NWTF is a distributed facility with the hub at Imperial College and facilities spread across UK universities (nodes) at: Bristol, Birmingham, City, Cranfield, Cambridge, Glasgow, Imperial, Manchester, Loughborough, Oxford, Southampton and Surrey. A novel facility from a new member at the University of Liverpool is included in these proposals. NWTF membership depends on the institutional commitment to support its facilities, its research priorities and co-location of an active research group with the facility. It is not fixed, and membership can reflect any changes to node activity such as low usage or personnel change over a period of some years. Each NWTF+ of the seven proposals describes the motivation for new facilities to be built - one proposal for each cost centre. This proposal contains justifications for the MSBS (at Oxford and Imperial), the NWTF hub (Imperial) plus those for transformational equipment at the other six NWTF institutions.
MSBS offer an unrivalled opportunity for making sting-free measurements of time-dependent forces acting on aerodynamic models. Except for the usual challenges associated with Reynolds-number dependence, an MSBS offers the best way of estimating forces on engineering bodies as in 'flight', such as submarines, UAVs and re-entry space capsules. Often such bodies operate in a mixed ballistic / aerodynamically assisted regime. The understanding of the fluid forces is important when the flight is ballistic, and essential when, for example, recovery of a UAV or space capsule depends on an accurate measurement of the operating forces, lift and drag. Measurement of dynamic properties (mass, and inertia of the vehicle) and aerodynamic properties (of the vehicle and its control surfaces) are key to precise control. MSBS offer the opportunity to identify unsteady aerodynamic phenomena that are of paramount importance for control of highly manoeuvrable vehicles operating at high (post-stall) angles of attack or indeed novel vehicle configurations and flapping flight. Hardware-in-the-loop simulations would enable free-flight testing of such vehicles in the wind tunnel.

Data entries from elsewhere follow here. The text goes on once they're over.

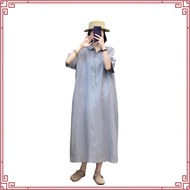 LAHSTORE straight linen dress with German collar, half sleeves, pockets, youthful loose form DS29 (G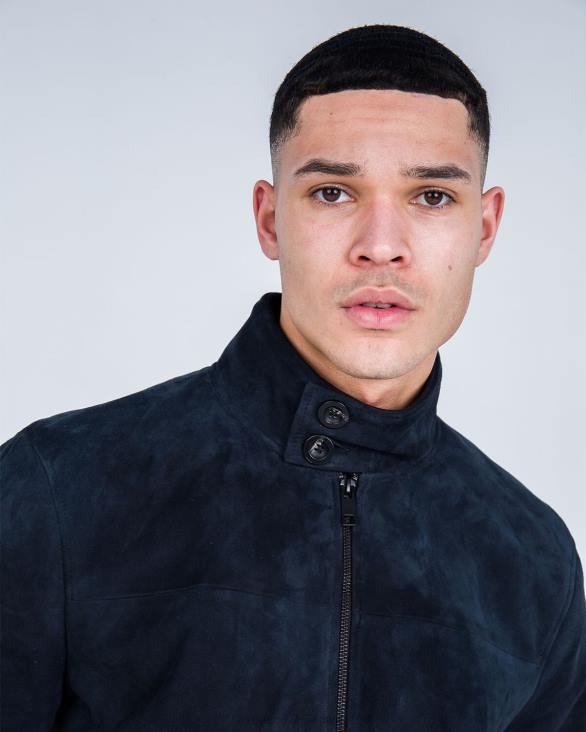 ro Cruyff jachetă harrington din piele de căprioară marina ZBZ0685 bărbați sacou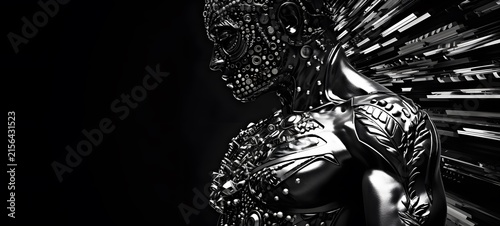 art of warrior a black and white high contrast full body,generative AI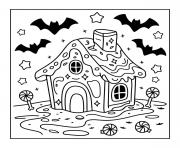 Coloriage maison pain epices hantee halloween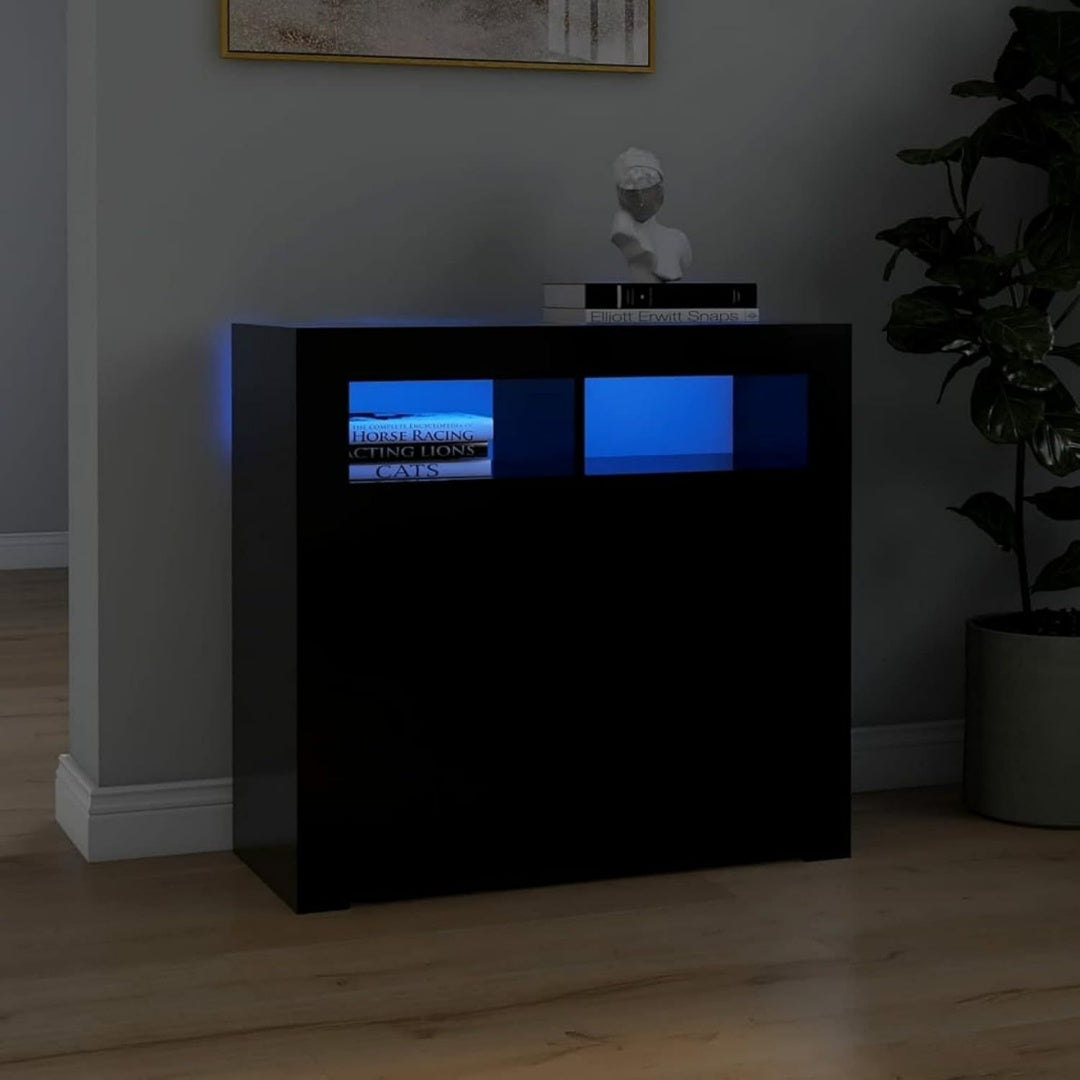 Une silhouette equilibree pour ce buffet aux lignes soignees, teinte noir
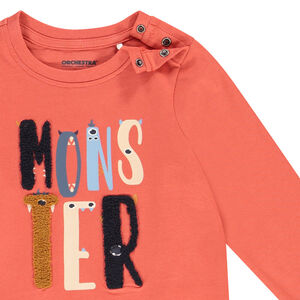 T-shirt manches longues en jersey avec broderie bouclette pour bébé garçon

The NWTF hub provides a single point of contact for access to university wind tunnels and researchers enabling connectivity and collaboration by matching researchers from both the UK and abroad to facilities. A general principle is that, even if the converse is possible, movement of the researcher to the facility is more efficient than transport of facility/equipment to different sites. This involves the recognition that a particular site offers more - expertise, training, data storage - than just the facility itself. This proposal extends the role of NWTF by developing interactions with both industry and public-sector institutions such as EPSRC/UKRI and government departments (DBT, DSIT). It has strong links with the Aerospace Technology Institute. These developments require a new outward-facing role, a Director of Operations and Business Development. This is a key organisational role which enables NWTF to be defined as an organisation (possibly as a legal entity) in its own right. The importance of fluid mechanics across all sectors of the UK economy has been established, with NWTF demonstrating a new viable model for the running of, and enabling access to, state-of-the-art facilities. While NWTF has recently made significant contributions to R&D (often involving industry partners), the scope thus far has excluded industry facilities of higher TRL. While university support includes that for training and skills development at both undergraduate and postgraduate levels, the benefits of the NWTF model have yet to be fully exploited in all relevant sectors of the economy, most notably industry. Through its Director of Operations, NWTF has initiated meetings to discuss the construction of new and the development of existing facilities that meet perceived gaps in the TRL5+ landscape.